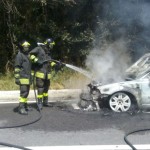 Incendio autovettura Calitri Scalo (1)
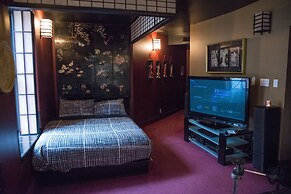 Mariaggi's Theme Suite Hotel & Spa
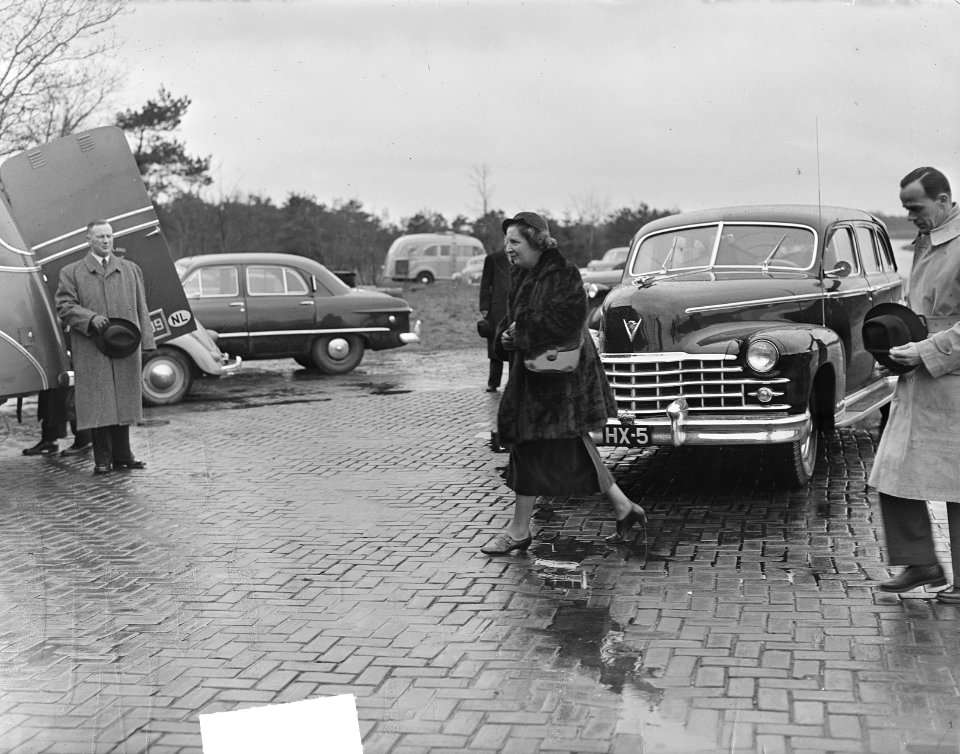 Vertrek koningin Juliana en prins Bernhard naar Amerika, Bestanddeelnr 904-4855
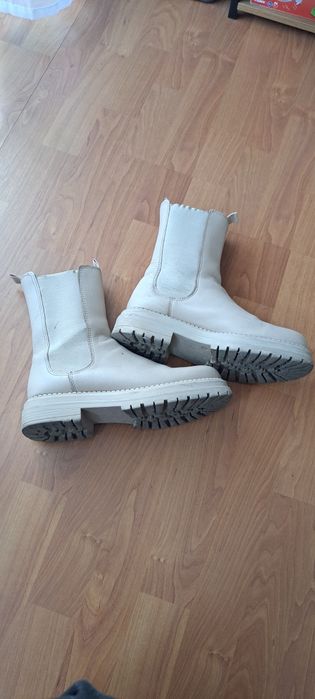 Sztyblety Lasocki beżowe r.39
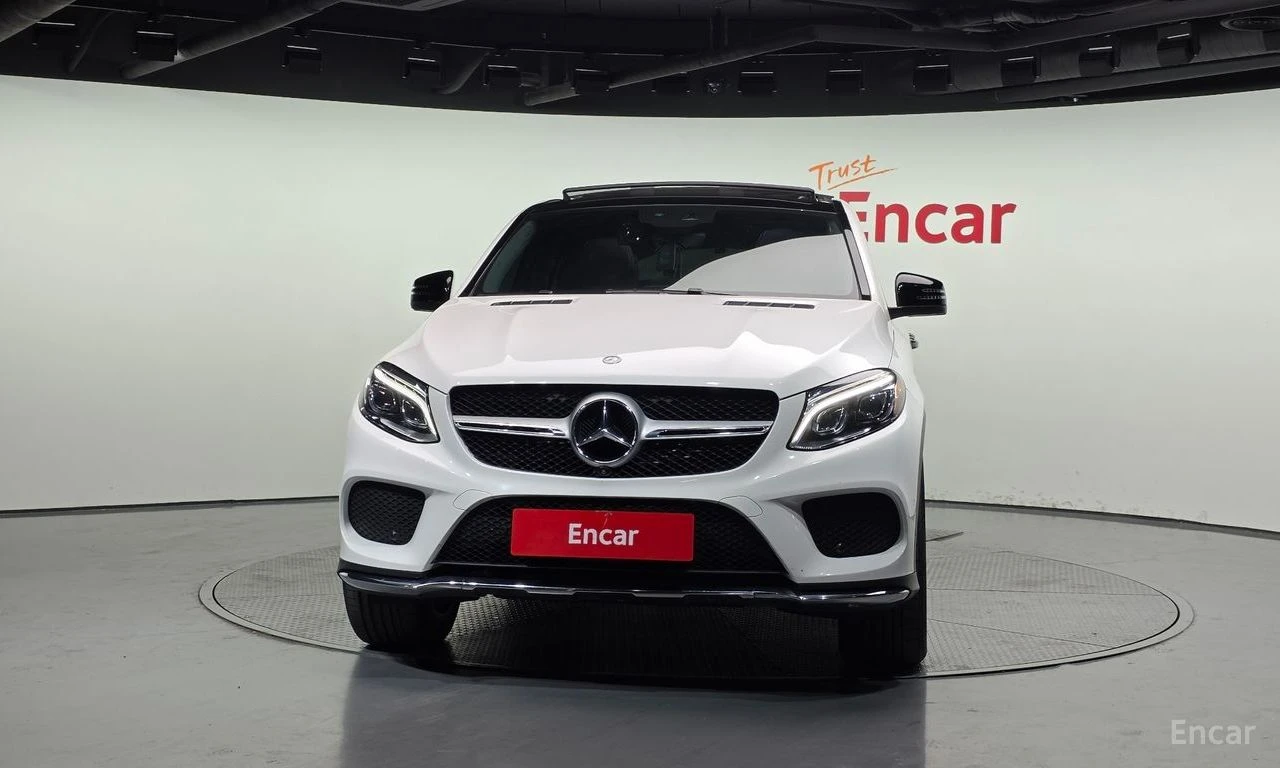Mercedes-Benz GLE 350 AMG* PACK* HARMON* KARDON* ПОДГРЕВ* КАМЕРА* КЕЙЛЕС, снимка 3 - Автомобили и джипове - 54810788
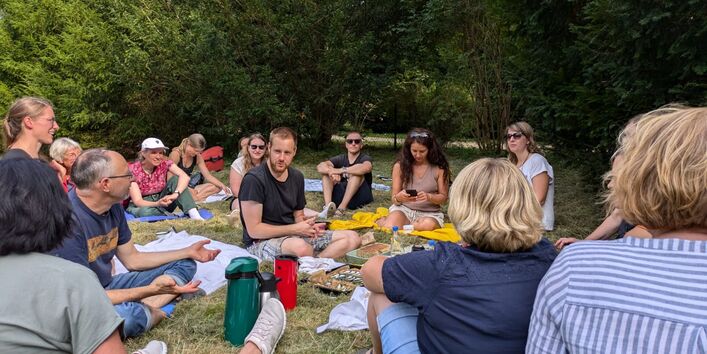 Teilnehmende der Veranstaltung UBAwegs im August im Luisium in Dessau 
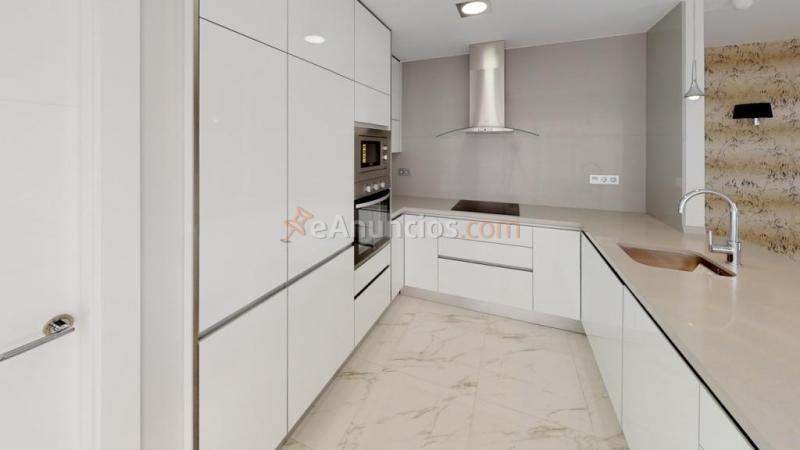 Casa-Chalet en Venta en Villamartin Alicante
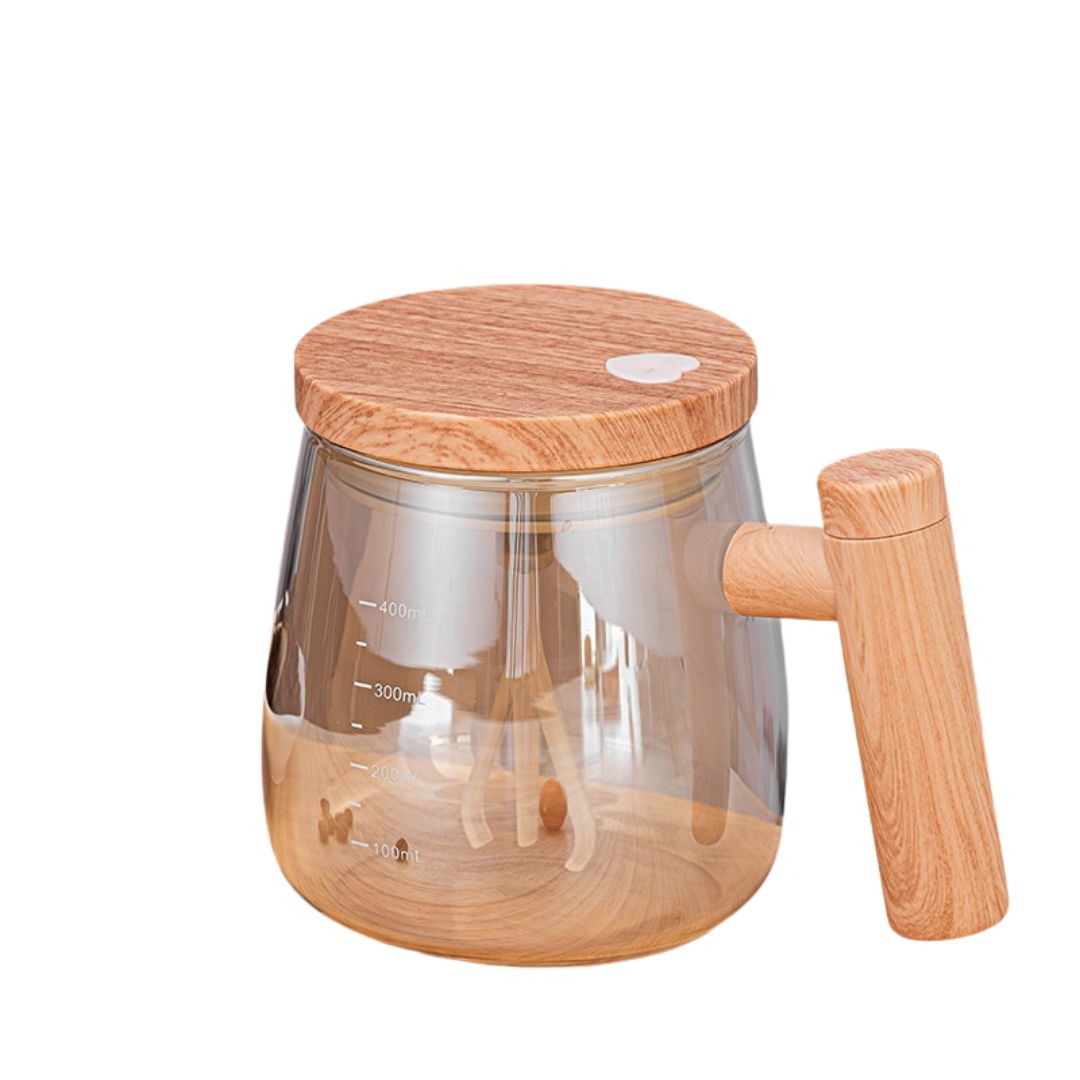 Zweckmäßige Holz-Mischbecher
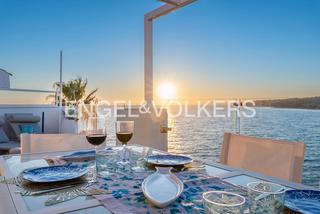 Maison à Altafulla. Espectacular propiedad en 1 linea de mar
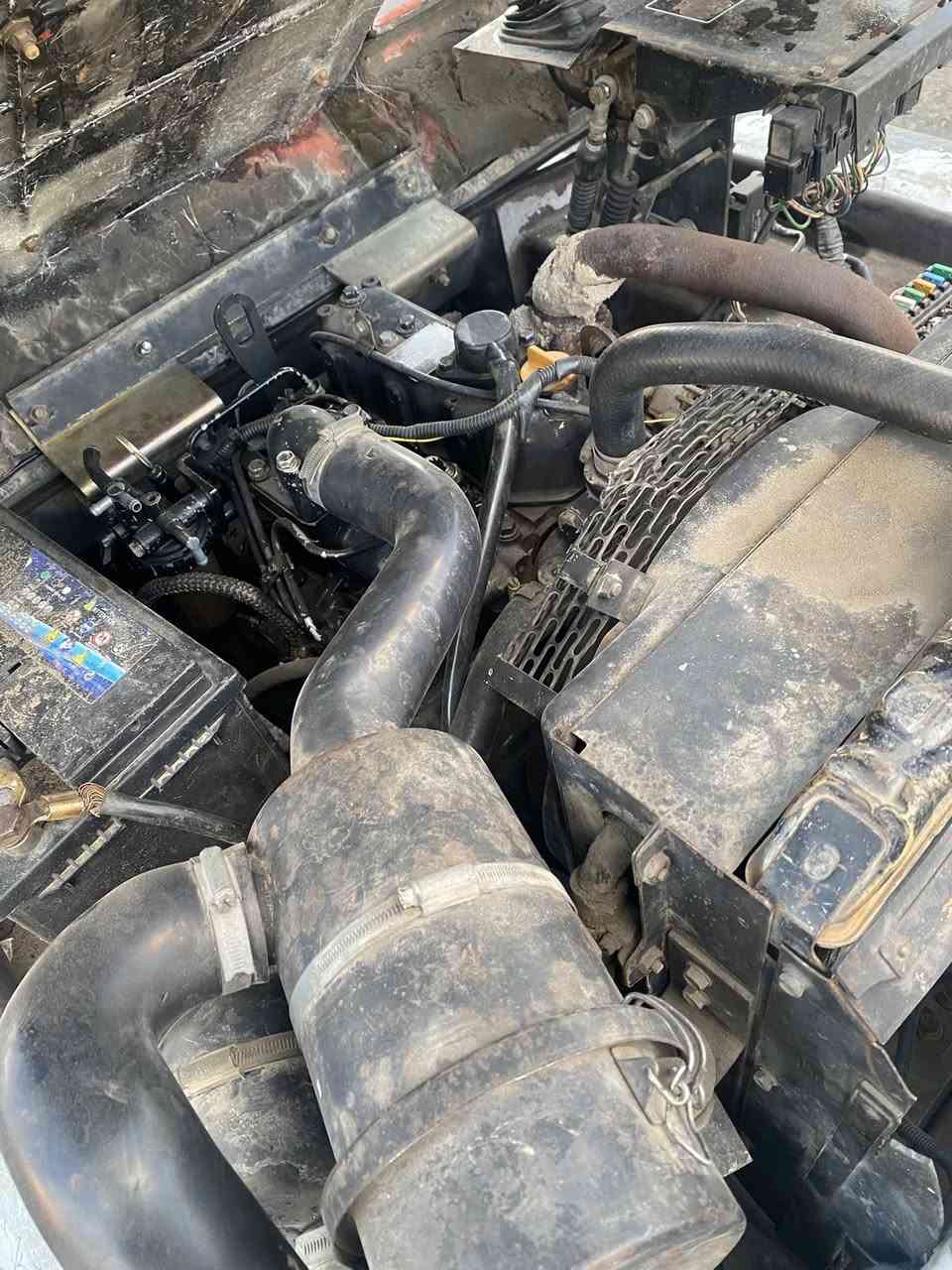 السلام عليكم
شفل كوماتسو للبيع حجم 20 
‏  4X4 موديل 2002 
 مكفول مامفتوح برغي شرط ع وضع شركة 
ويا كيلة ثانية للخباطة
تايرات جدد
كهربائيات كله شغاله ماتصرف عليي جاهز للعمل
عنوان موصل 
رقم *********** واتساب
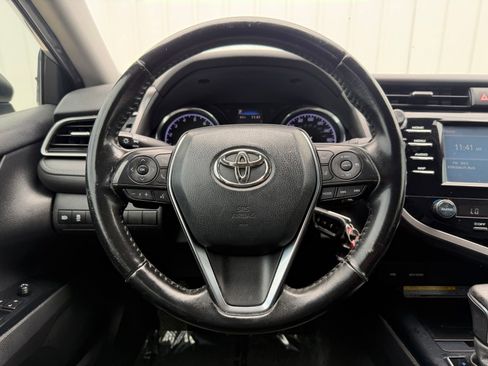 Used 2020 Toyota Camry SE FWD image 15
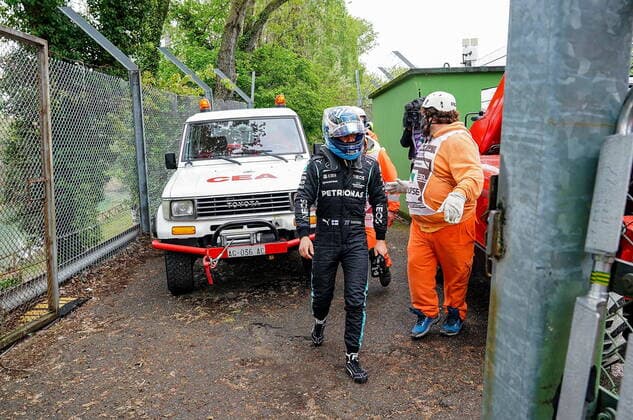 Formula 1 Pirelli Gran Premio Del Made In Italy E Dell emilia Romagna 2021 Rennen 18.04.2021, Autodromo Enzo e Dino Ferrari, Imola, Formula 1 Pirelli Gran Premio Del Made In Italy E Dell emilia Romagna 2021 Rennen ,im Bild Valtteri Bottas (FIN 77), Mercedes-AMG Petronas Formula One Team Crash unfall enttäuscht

+ + + + +

ABOUT THIS EXERCISE: An exact reproduction of the data is needed, with no pictures included.

RESPONSE TO THIS TASK:
 Incendio autovettura Calitri Scalo (1)
 Mariaggi's Theme Suite Hotel & Spa
 Vertrek koningin Juliana en prins Bernhard naar Amerika, Bestanddeelnr 904-4855
 Sztyblety Lasocki beżowe r.39
Mercedes-Benz GLE 350 AMG* PACK* HARMON* KARDON* ПОДГРЕВ* КАМЕРА* КЕЙЛЕС, снимка 3 - Автомобили и джипове - 54810788
 Teilnehmende der Veranstaltung UBAwegs im August im Luisium in Dessau 
 Casa-Chalet en Venta en Villamartin Alicante
 Zweckmäßige Holz-Mischbecher
 Maison à Altafulla. Espectacular propiedad en 1 linea de mar
 السلام عليكم
شفل كوماتسو للبيع حجم 20 
‏  4X4 موديل 2002 
 مكفول مامفتوح برغي شرط ع وضع شركة 
ويا كيلة ثانية للخباطة
تايرات جدد
كهربائيات كله شغاله ماتصرف عليي جاهز للعمل
عنوان موصل 
رقم *********** واتساب
 Used 2020 Toyota Camry SE FWD image 15
 Formula 1 Pirelli Gran Premio Del Made In Italy E Dell emilia Romagna 2021 Rennen 18.04.2021, Autodromo Enzo e Dino Ferrari, Imola, Formula 1 Pirelli Gran Premio Del Made In Italy E Dell emilia Romagna 2021 Rennen ,im Bild Valtteri Bottas (FIN 77), Mercedes-AMG Petronas Formula One Team Crash unfall enttäuscht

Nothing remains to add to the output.